→ **Record excerpts**

--------

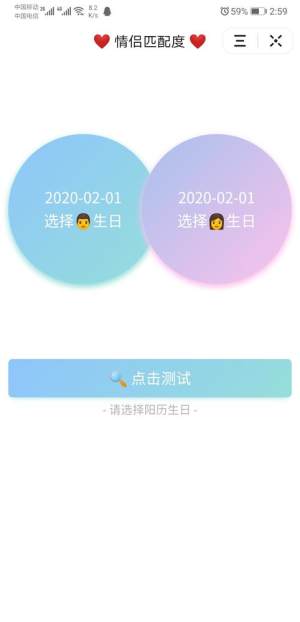 在线识别情侣头像软件网址最新版app图片1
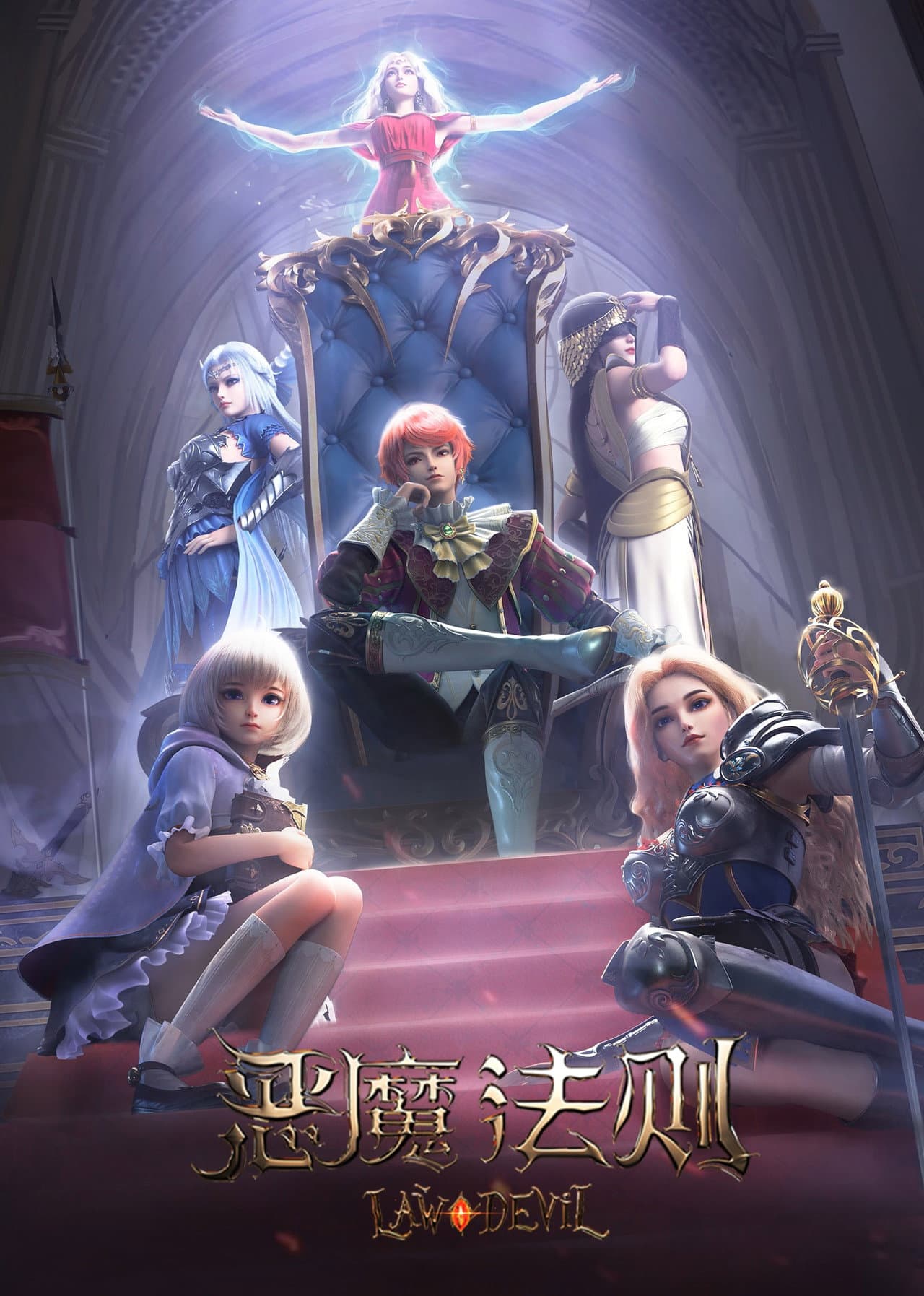 Law of the Devil preview 2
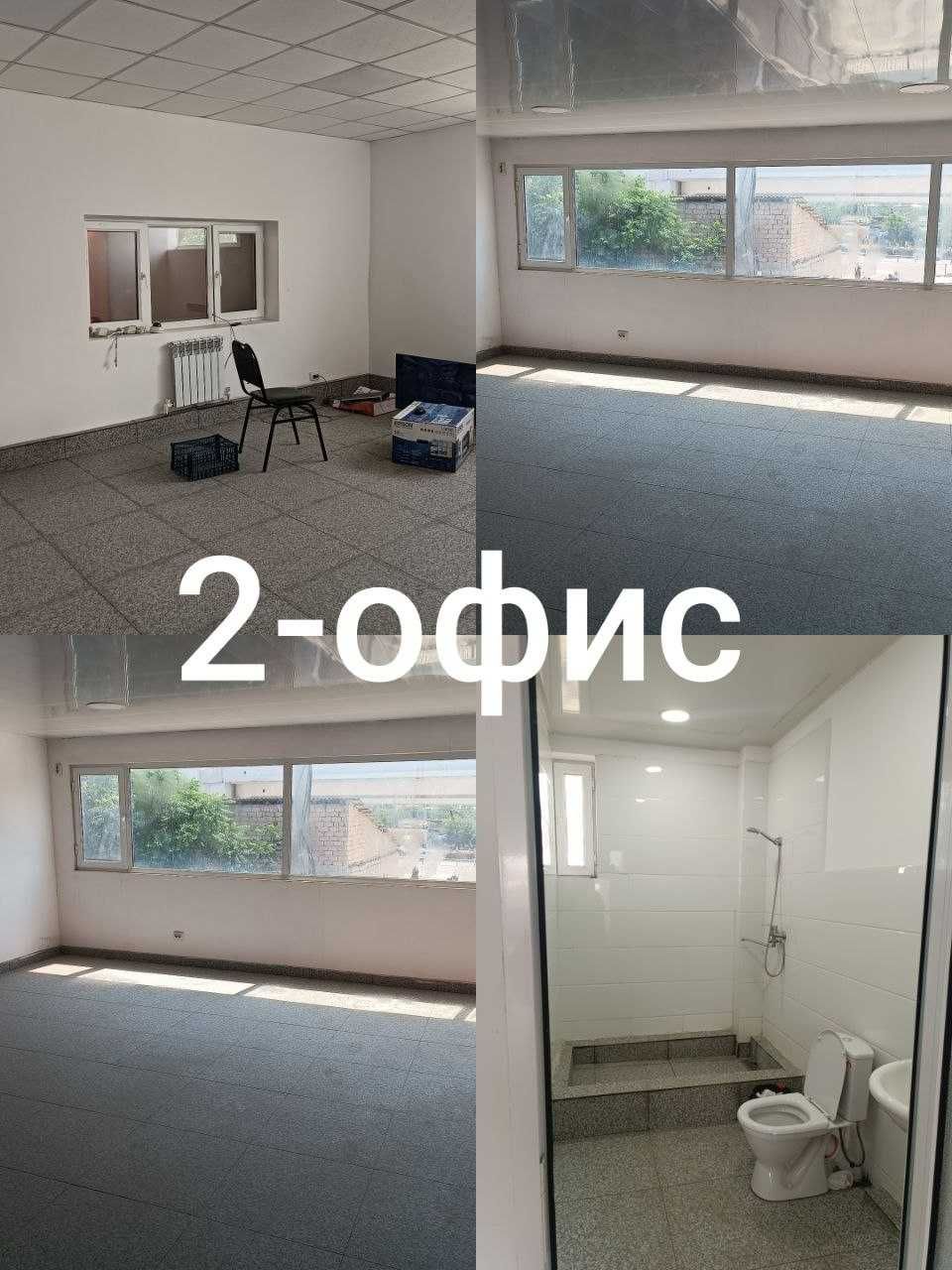 Завод склад срочно продаётся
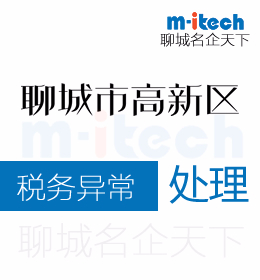 聊城高新区会计公司办理税务异常处理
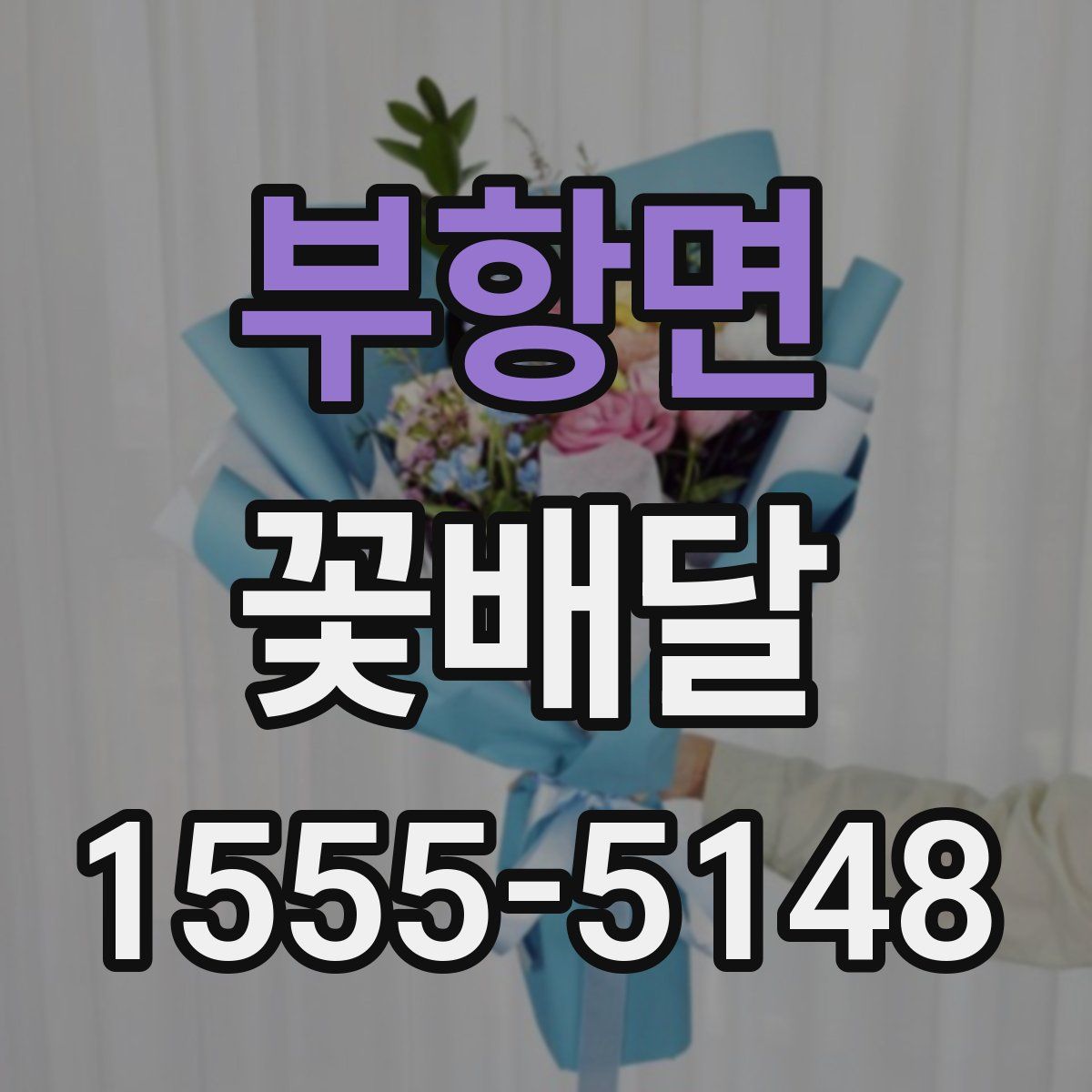 부항면 꽃배달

--------

→ **Assignment**
Copy, without the pictures, exactly the lines from the line with "Law of the Devil preview 2" through the end of the material above, both ends included.

→ **Solution**
 Law of the Devil preview 2
 Завод склад срочно продаётся
 聊城高新区会计公司办理税务异常处理
 부항면 꽃배달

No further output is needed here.